DATA LISTING section start
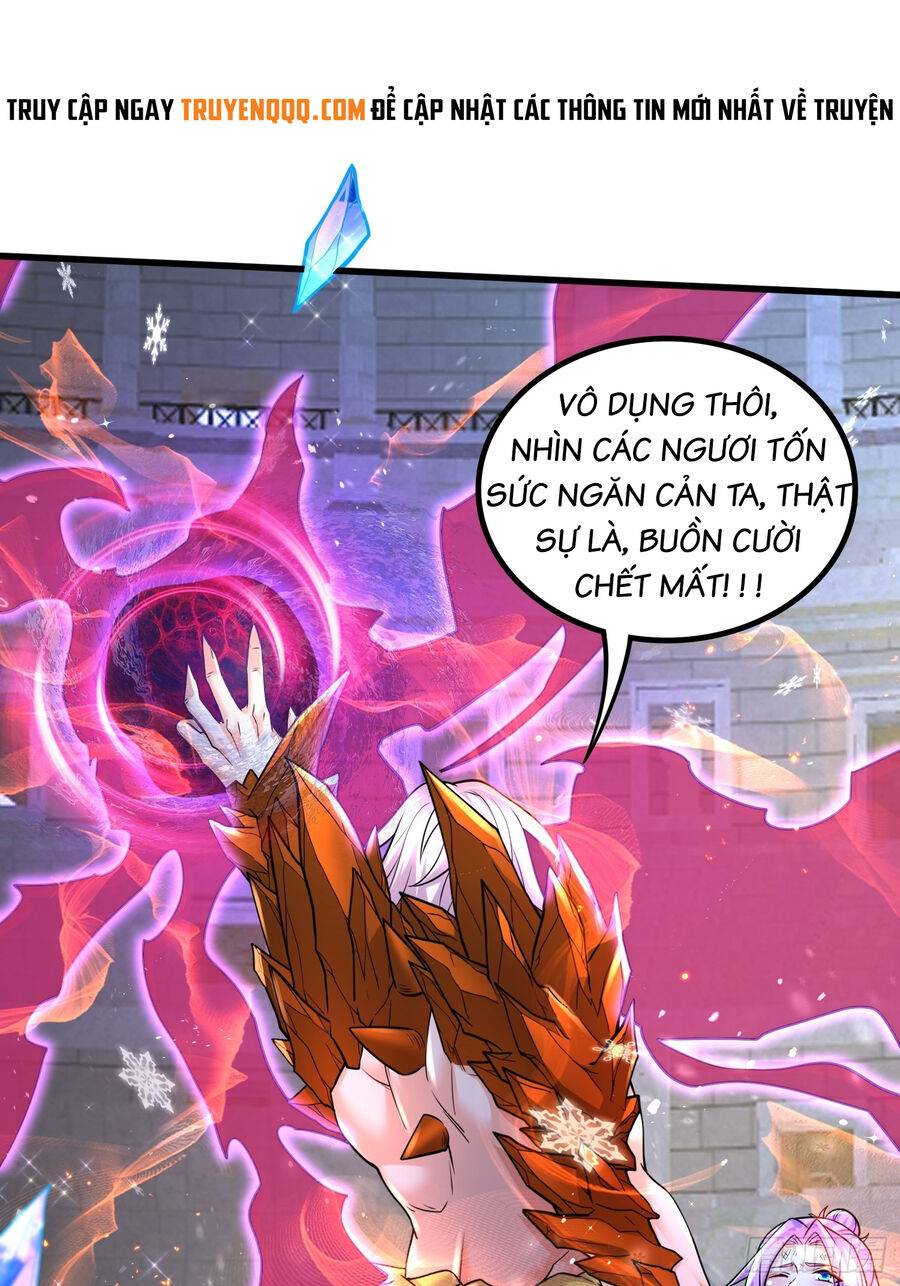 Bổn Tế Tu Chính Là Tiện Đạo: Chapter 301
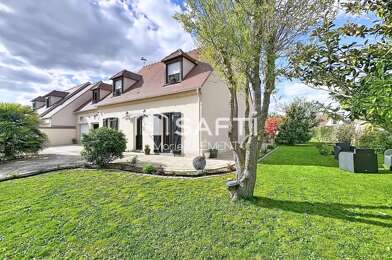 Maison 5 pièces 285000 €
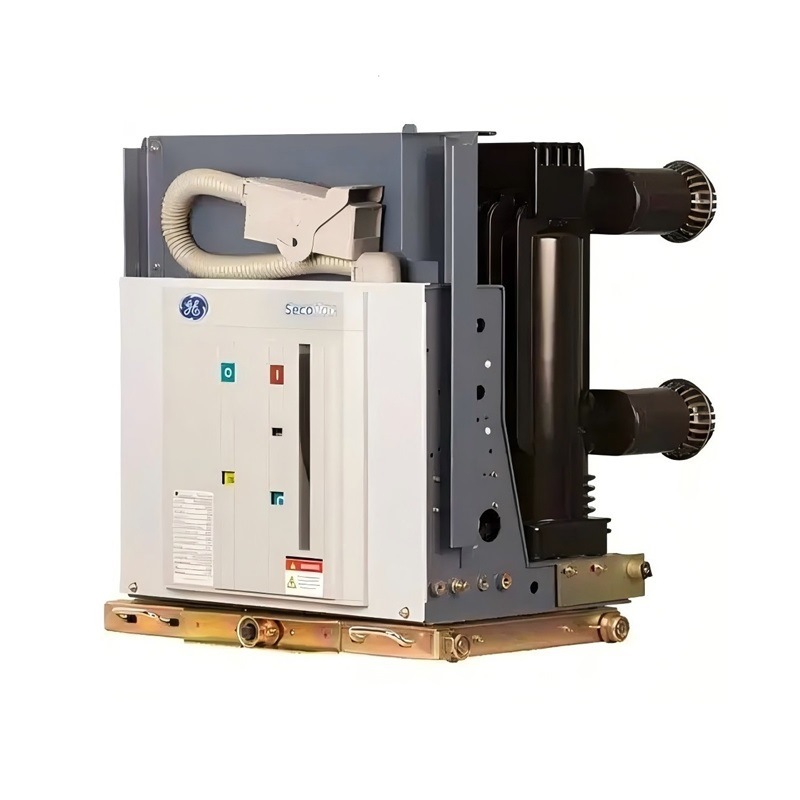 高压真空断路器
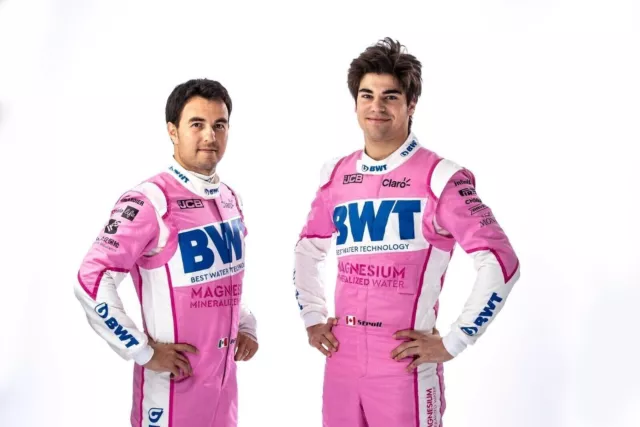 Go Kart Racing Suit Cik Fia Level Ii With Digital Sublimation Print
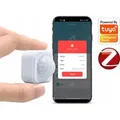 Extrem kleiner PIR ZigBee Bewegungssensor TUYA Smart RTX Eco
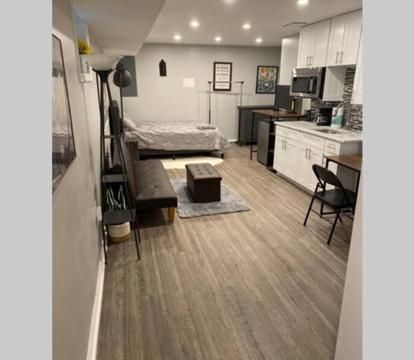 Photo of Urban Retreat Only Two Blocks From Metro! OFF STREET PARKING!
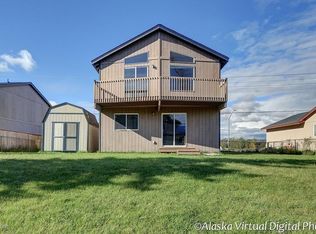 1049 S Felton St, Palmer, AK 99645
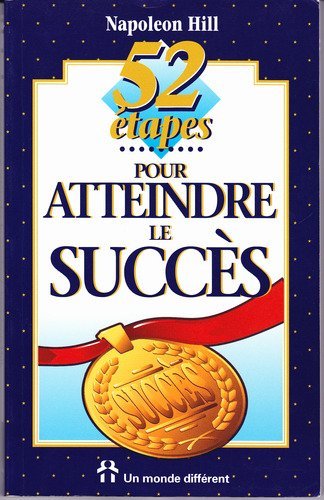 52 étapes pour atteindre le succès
DATA LISTING section end
EXERCISE DESCRIPTION
What you write must match, line for line, the records from the line containing "1049 S Felton St, Palmer, AK 99645" through the last line, with every picture left out.

OUTPUT BELOW
 1049 S Felton St, Palmer, AK 99645
 52 étapes pour atteindre le succès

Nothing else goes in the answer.